14. Working For A Nuclear Free City – Businessmen And Ghosts
Another hangover, this time because I simply didn’t get to this Mancunian quartet’s debut album in time to include it in 2006’s flurry of polls. Perhaps too much to take in if you don’t already know the debut proper. Mastered a touch too loud. I hope they have a future.

15. Panda Bear – Person Pitch
I treat this as an ambient album; Not to bang on – actually, fuck it, to bang on and on and on and on and on – I’d like this an awful lot more if it wasn't so flat and one dimensional sounding, physically; I like the ideas, I like the melodies, I like the sonic juxtapositions and the actual ‘tunes’. I don't like the fact that I can’t climb inside it, that it feels like a plank of wood or pane of glass or sheet of steel. I can’t put it on and feel it flow around me in three dimensions. Hence, ambient. Which I feel is a shame, because there’s a lot of pop in this record, I just can’t touch it.

16. Bjork – Volta
This revealed more of itself as time passed; the Timbaland cuts, while great, have fallen in my estimation from being the best things here to being… just part of the album. I mourn the outright oddpop of Debut, still my favourite record by her, but Bjork can always be relied on to bring something intensely involving in her music. And oh! Those horns, those massive, mournful horns, like the whalesong from whales the size of Jupiter.

17. Apparat – Walls
Trendy poseur techno-come-rock-come-ambient. Not sure why this fell through so many cracks after Orchestra of Bubbles didn’t.

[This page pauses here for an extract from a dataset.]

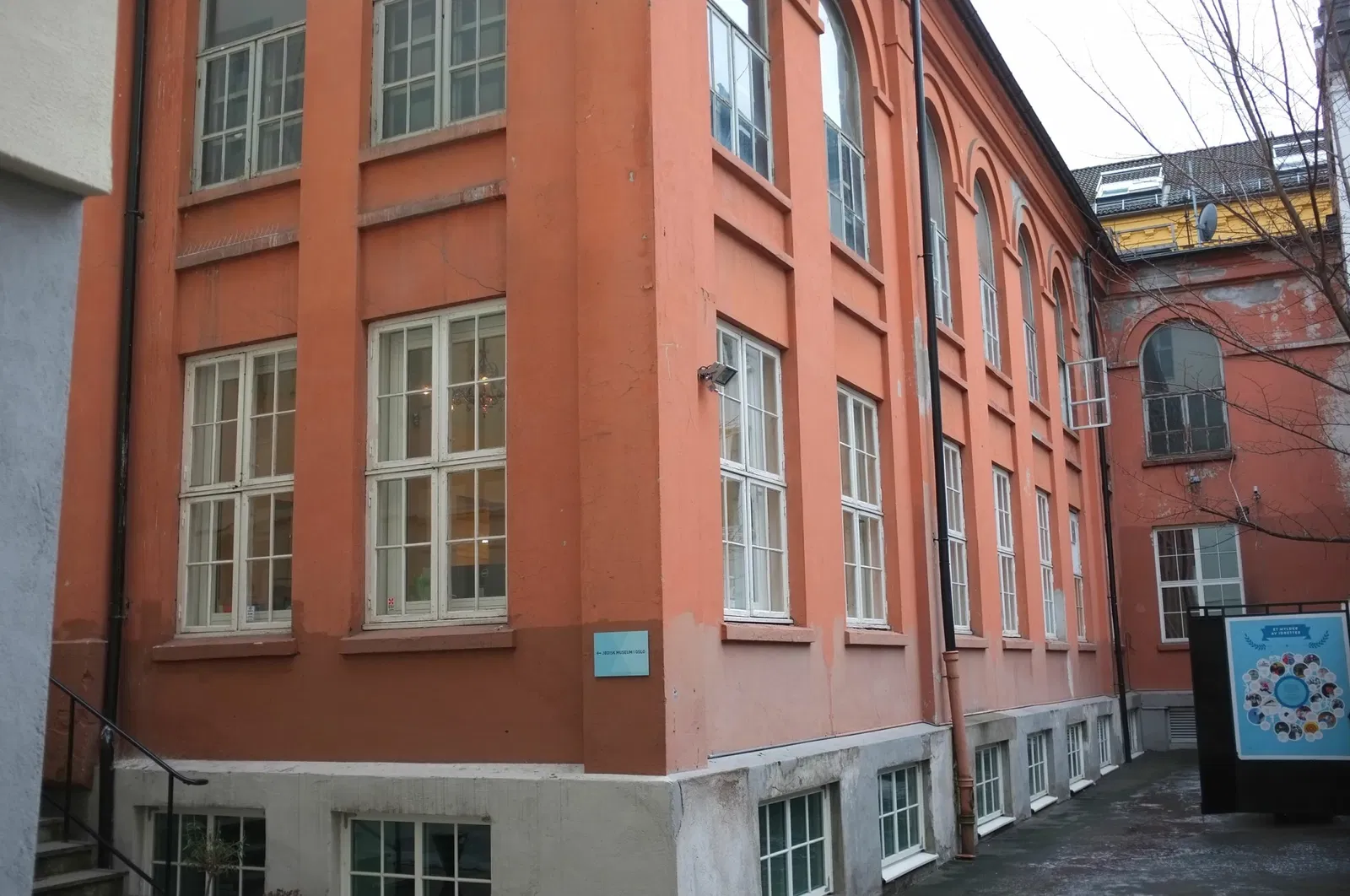 Oslo Jewish Museum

18. The Field – From Here We Go Sublime
An awful lot of people chucked their nut over this record at Stylus; it’s good, but it’s very… it doesn’t break my brain like Orbital did when I was 16, and from some of the superlatives I was party to, that’s what it should have done. Very straightforward, very 00s – linear, semi-ambient (through rendering as much as intention); I can’t imagine kids dancing to this, and not because it’s secretly a prog-orchestral concept album (like Orbital), but because… it’s not very dynamic, or exciting. It’s ambient with a beat.

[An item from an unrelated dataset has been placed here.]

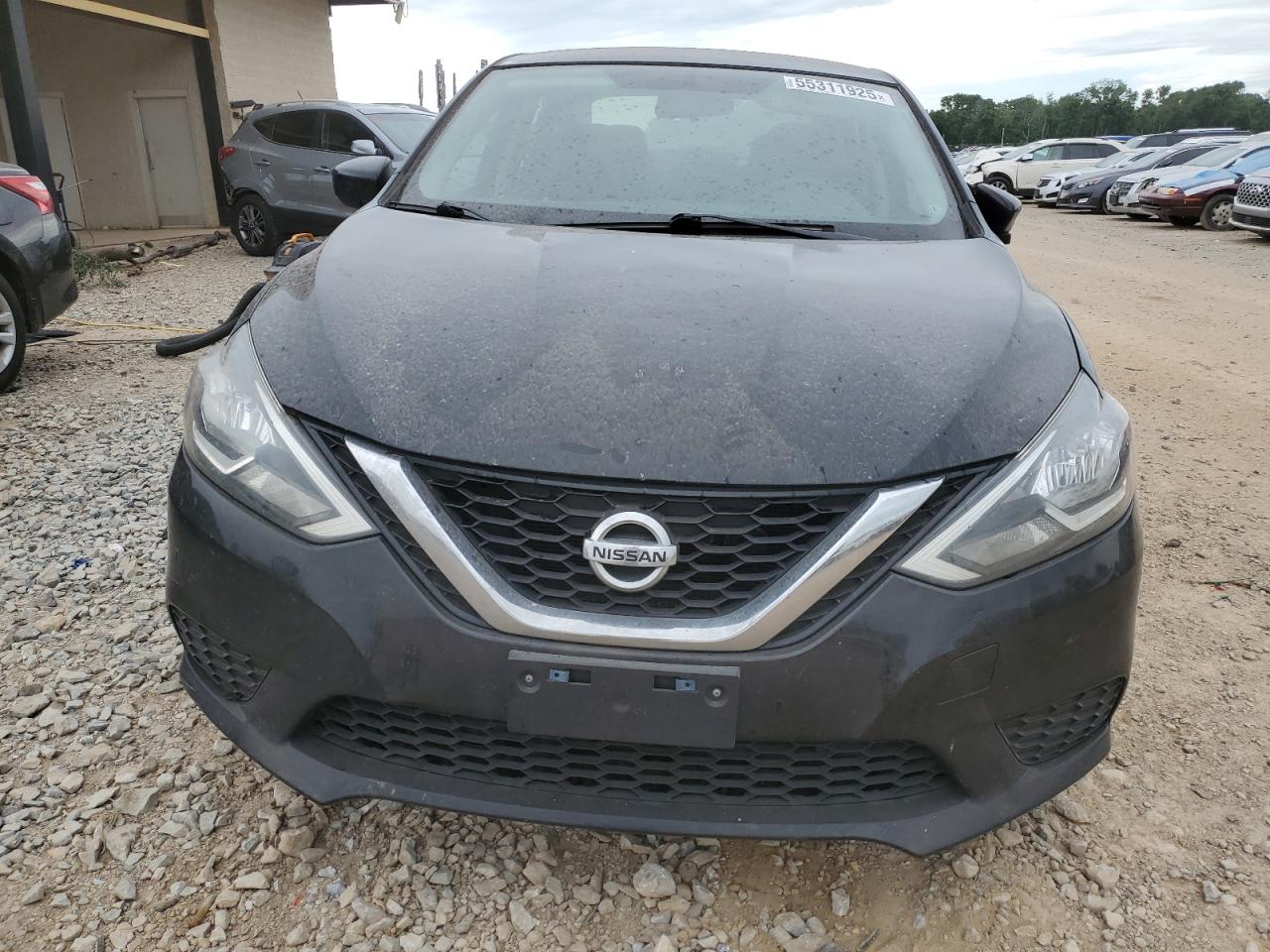2016 NISSAN SENTRA S — снимка 5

19. Menomena – Friend And Foe
After losing faith so spectacularly with The Flaming Lips it was nice to discover a band doing something… not so much similar, as… that fills the gap? Grandiose oddpop with clattering percussion. The piano wins, I think. Best artwork of the year, too.

20. PJ Harvey – White Chalk
Subdued, piano-led, beautifully rendered, White Chalk might be a concept album about death; it doesn’t sound like anything Polly has done before. I love her guitars, but I love her more.

21. The Tuss – Rushup Edge
Aphex Twin, even only half paying attention and pretending to be a Cornish woman, still brings it. If it’s him. More than ever before he seems to be making music just for himself; what seemed like marketing gimmicks in the late 90s (the facemasks, the videos) are gone, and the marketing gimmick here (pretending to be a Cornish woman) seems like a genuine attempt to make people fuck off and leave him alone. Maybe.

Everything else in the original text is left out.